From a business perspective, it makes total sense. New IPs are an inevitable risk, and sequels and remakes are easy money. “That game did great… so do it again!” is a phrase most likely echoed by executives throughout development studios worldwide.

This is not to say that a remake can’t be innovative and fresh. Look at Final Fantasy VII Remake or Resident Evil 2, for example. Bluepoint Games have turned the practice into an art form recently with their take on Fumito Ueda’s Shadow Of The Colossus. But it’s worth remembering that these hallowed titles we love to regurgitate had to start out as a new IP.

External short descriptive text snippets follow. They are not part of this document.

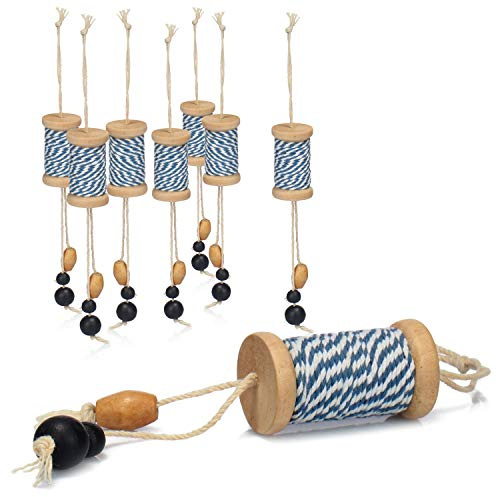 com-four® Hängedeko mit Holzperlen - Deko zum Aufhängen in maritimen Farben - dekorative Aufhänger in blau, weiß - Fensterdeko (8 Stück - 22 cm)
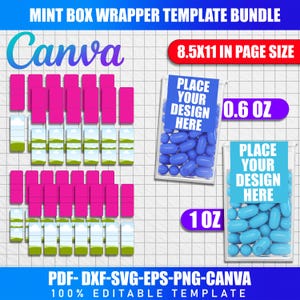 Puede incluir: Un paquete de plantillas de envoltorios de cajas de menta con el logotipo de Canva. El diseño incluye envoltorios rosas y blancos, y dos cajas transparentes llenas de mentas azules. El texto incluye "8.5x11 in page size", "0.6 oz" y "1 oz".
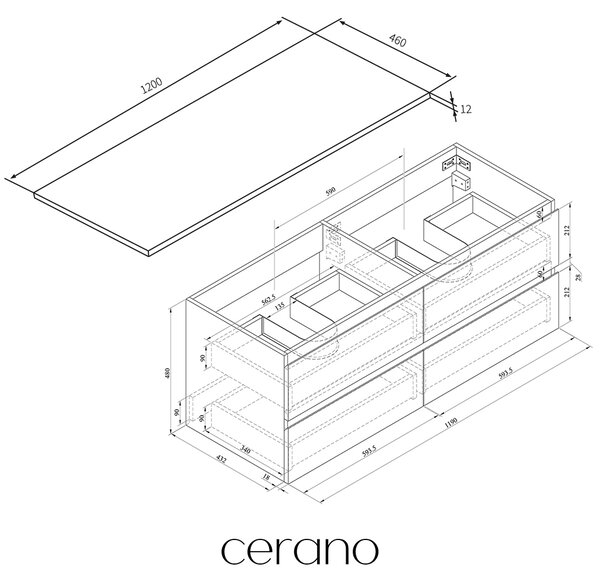 CERANO - Kúpeľňová skrinka Carole - dub medový + doska pod umývadlo z lit. mramoru Elanys - 12 mm - biela matná - 120x49,2x46 cm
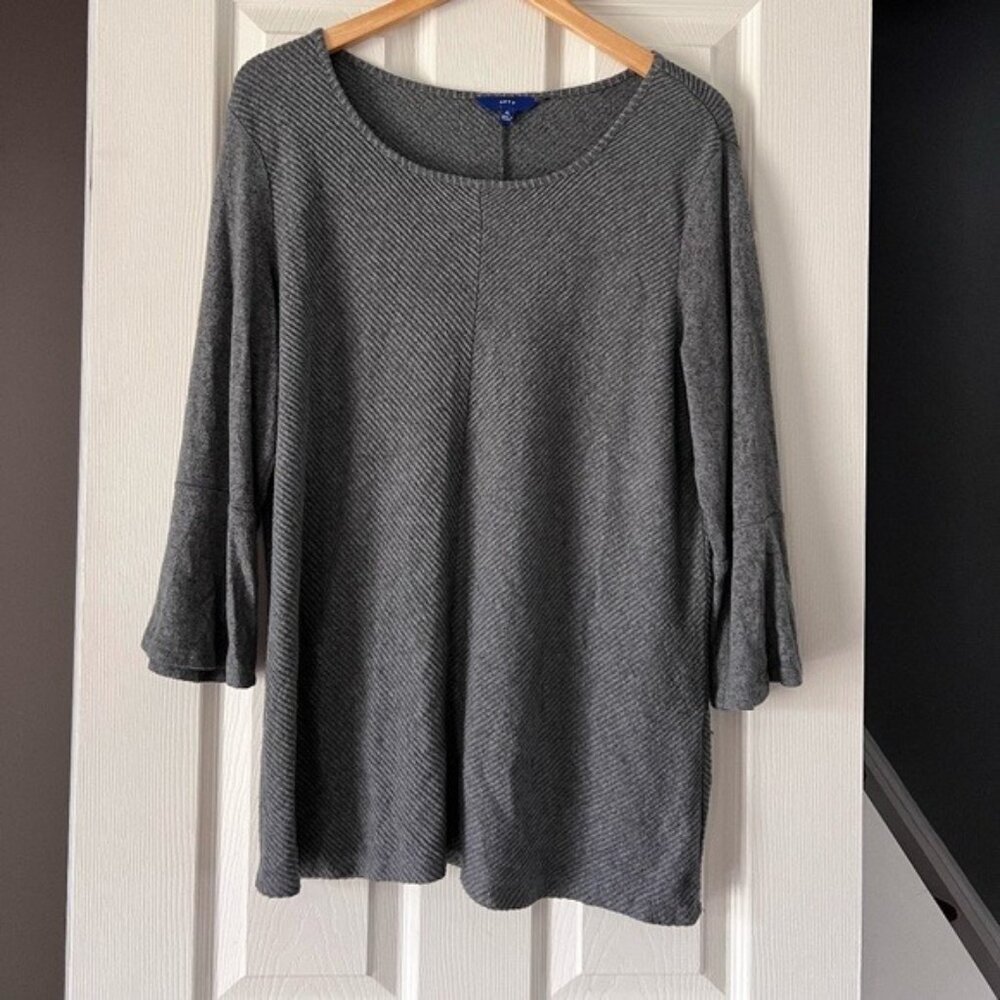 Apt. 9 Gray Textured Knit Bell Sleeve Top Women’s XL
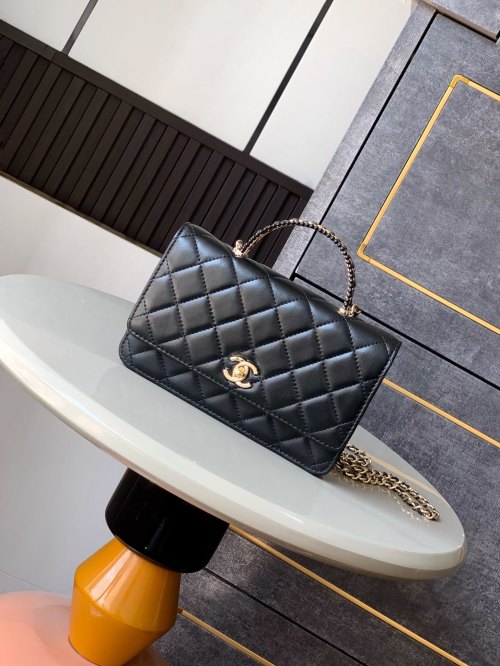 Elegant Quilted Leather Wallet on Chain with Crystal Handle 1 Elegant Quilted Leather Wallet on Chain with Crystal Handle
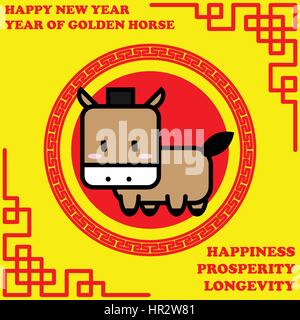 Bonne année de Golden Horse année sur fond d'or et la bonne parole pour la vie Illustration de Vecteur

Maybe our obsession with remakes stems from this need to play every game that was ever good – every gamer has an endless backlog and that one elusive series that they’ll get to someday.

But there’s nothing wrong with experiencing the classics via a new IP that takes those hallmarks into account, twisting them into something truly special. I’ve never played Earthbound, but I feel like I understand that game more because I’ve played Undertale.

outer wilds
‘Outer Wilds’

In particular, 2019 was a great year for new properties, even if there could always be a few more. We saw singular games like Control, Outer Wilds, Disco Elysium and Death Stranding receive the spotlight – all imaginative experiences that gave us all something new to think about.

But unless there’s something they desperately want to say, I hope we don’t just get direct sequels to any of these games. I’d love to see the developers take what they’ve learnt from the process of making something new and funnel that genius into something even more experimental and interesting.

It’d be great to see them answer the curious questions raised while making them, which they had to leave on the cutting room floor.

Elsewhere, the indie game market is constantly innovating and dredging up new ideas. Unfortunately, the best of the bunch often get co-opted by AAA studios when they hit the mainstream, where they can slap a name-brand on the side and sell gangbusters. But this lucrative font of creativity is the future, and a simple scroll through itch.io on any given day will show you that.

Ghost Of Tsushima
Ghost Of Tsushima. Credit: Sucker Punch

The stratified way in which we compare games to one another and the pigeonholing of ‘genre’ has made us all too harsh a critic before we can get our hands on something new. A common retort you’ll hear online is that a game looks good, but it’s not quite The Witcher 3 or whatever game currently has the critical consensus. Yet if we hold every game to the unrelated heights of last year’s best offering, especially prior to its release, how will we ever move forward?

Out of all of the so-called ‘big games of 2020’, only Dreams, Ghost Of Tsushima and Cyberpunk 2077 are inherently new, and not hanging on to the name of a franchise as a point of reference for players.

I think a more welcoming attitude to new IPs and a keener focus on indies would help the games industry grow and broach new avenues for interaction. We always talk about the bleeding edge of technology, but we can’t truly make the most of it unless we disengage from the comforting embrace of the games we’ve played before.